- How to complete this task
In the entries below, find the line with "NWOB Loeffler Randall 2 Tone Pumps Sz 10" and the line with "do Quarto 2". Return those two lines and all lines between them, exactly.

=== Begin Enclosure ===

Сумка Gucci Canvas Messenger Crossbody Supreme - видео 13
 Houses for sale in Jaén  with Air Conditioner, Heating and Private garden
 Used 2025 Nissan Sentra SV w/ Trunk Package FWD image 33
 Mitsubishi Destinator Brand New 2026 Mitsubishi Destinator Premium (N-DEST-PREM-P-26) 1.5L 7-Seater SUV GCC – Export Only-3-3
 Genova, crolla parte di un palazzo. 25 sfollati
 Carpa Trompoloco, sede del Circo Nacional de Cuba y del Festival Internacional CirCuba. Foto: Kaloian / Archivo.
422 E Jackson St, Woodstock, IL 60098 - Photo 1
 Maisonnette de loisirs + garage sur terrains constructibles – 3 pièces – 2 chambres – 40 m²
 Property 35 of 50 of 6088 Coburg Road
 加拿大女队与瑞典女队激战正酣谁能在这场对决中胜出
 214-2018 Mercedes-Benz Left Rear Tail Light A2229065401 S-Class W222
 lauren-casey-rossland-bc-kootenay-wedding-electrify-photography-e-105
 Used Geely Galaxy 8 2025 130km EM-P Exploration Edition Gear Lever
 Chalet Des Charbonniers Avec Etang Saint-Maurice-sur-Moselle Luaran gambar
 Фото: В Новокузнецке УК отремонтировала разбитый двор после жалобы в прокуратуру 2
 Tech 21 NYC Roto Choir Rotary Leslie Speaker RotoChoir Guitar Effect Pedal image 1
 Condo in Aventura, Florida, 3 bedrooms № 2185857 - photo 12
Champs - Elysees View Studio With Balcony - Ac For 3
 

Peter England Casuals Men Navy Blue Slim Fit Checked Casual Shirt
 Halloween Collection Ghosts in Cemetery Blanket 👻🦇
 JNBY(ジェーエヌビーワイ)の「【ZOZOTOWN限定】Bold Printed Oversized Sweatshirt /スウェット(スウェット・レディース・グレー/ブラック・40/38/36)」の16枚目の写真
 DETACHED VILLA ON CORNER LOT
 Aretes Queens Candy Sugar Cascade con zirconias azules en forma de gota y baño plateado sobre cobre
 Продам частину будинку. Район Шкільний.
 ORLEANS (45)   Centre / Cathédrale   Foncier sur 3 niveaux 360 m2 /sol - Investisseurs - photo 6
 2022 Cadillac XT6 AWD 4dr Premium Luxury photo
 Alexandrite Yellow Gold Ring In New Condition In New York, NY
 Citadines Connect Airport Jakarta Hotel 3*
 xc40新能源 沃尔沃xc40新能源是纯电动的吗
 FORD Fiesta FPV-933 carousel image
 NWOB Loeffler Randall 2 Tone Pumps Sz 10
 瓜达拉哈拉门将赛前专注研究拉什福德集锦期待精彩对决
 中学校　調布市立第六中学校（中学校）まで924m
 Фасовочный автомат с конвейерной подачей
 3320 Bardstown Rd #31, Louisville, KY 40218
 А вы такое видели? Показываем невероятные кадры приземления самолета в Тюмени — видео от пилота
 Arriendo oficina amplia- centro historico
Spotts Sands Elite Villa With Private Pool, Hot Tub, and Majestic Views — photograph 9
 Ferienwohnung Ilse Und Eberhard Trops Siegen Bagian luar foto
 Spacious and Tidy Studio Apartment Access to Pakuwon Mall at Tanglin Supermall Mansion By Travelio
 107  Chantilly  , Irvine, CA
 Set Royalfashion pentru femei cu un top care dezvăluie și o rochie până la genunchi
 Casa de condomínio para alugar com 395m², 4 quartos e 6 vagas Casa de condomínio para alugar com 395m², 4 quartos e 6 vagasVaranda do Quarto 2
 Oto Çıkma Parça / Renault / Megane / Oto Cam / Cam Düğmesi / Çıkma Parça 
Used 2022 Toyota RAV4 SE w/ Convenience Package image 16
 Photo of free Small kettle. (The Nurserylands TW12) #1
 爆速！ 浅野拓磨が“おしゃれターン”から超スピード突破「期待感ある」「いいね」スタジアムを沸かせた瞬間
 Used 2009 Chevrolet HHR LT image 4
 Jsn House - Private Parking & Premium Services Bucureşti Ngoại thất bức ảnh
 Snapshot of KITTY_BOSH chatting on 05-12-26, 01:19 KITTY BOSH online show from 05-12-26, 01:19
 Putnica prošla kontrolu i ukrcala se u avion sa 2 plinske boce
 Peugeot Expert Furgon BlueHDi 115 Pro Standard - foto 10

=== End Enclosure ===

- Your response
 NWOB Loeffler Randall 2 Tone Pumps Sz 10
 瓜达拉哈拉门将赛前专注研究拉什福德集锦期待精彩对决
 中学校　調布市立第六中学校（中学校）まで924m
 Фасовочный автомат с конвейерной подачей
 3320 Bardstown Rd #31, Louisville, KY 40218
 А вы такое видели? Показываем невероятные кадры приземления самолета в Тюмени — видео от пилота
 Arriendo oficina amplia- centro historico
Spotts Sands Elite Villa With Private Pool, Hot Tub, and Majestic Views — photograph 9
 Ferienwohnung Ilse Und Eberhard Trops Siegen Bagian luar foto
 Spacious and Tidy Studio Apartment Access to Pakuwon Mall at Tanglin Supermall Mansion By Travelio
 107  Chantilly  , Irvine, CA
 Set Royalfashion pentru femei cu un top care dezvăluie și o rochie până la genunchi
 Casa de condomínio para alugar com 395m², 4 quartos e 6 vagas Casa de condomínio para alugar com 395m², 4 quartos e 6 vagasVaranda do Quarto 2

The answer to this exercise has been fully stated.